Cuadernos manuscritos

Tengo bastantes cuadernos manuscritos en la primera estantería del mueble librería, junto a los libros de la carrera, algunas revistas y otras tantas fotocopias con artículos de interés; descansan junto a la urna con las cenizas de mi padre. Es un pequeño cementerio, un santuario particular; una capilla ardiente a la que peregrino con una mirada nostálgica cada vez que entro a la habitación. En cuanto a las “confesiones”, son un trabajo diarístico de años que nadie ha leído, ni siquiera yo, porque escribir no es leer, y quitando alguna página abierta al azar, nunca he abierto esas libretas para algo que no fuera escribirlas, por lo que, una vez terminadas, cada una firmaba su sentencia de destierro. Algún día terminarán en la basura; he pensado en quemarlas, pero sería demasiado aparatoso y pretencioso; no creo que merezcan un ritual de despedida. Son las ideas de una época pasada que ya no tienen nada que decir en esta; papeles demasiado íntimos que cumplieron su cometido y quedaron exentos de servicio para siempre. 

Ahora escribo en público y hay quienes prestan atención a lo que escribo, lo cual acojo con agrado y extrañeza a partes iguales. ¿A quién pueden interesar los aspectos más anodinos de una vida que ya de por sí es insustancial? 
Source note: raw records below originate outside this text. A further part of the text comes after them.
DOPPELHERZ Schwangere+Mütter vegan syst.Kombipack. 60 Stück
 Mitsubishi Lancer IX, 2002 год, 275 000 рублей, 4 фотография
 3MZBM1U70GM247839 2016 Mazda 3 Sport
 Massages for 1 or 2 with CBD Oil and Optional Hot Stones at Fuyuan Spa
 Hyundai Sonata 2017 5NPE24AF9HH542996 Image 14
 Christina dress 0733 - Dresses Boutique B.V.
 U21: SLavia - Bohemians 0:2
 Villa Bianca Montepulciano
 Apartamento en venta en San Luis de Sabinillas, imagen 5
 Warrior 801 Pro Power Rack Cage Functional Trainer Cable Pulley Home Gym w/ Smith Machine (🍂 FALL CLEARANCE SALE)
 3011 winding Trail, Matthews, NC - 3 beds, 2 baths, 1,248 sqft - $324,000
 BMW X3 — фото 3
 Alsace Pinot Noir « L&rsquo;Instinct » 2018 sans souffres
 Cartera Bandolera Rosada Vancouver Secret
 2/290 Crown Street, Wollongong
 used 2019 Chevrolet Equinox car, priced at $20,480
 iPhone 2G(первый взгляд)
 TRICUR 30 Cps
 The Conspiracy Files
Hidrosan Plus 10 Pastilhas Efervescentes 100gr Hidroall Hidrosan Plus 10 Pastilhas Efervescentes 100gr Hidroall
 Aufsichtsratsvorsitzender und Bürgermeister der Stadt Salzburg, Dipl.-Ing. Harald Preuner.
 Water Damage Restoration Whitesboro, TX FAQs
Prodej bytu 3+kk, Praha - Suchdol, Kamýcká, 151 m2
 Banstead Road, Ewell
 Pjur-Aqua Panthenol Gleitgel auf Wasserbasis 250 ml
Anoche dieron en la tele la biopic de J. D. Salinger, quien se negó a publicar tras “El guardián entre el centeno”. Se aisló del mundo de forma drástica, a tal punto que dio al traste con su matrimonio; todo para entregar su vida a la escritura secreta. Encontré similitudes con él en cuanto que yo también escribo sin pretensiones, como una fiebre que no cesa, y en la idea recurrente de volver a la escritura secreta.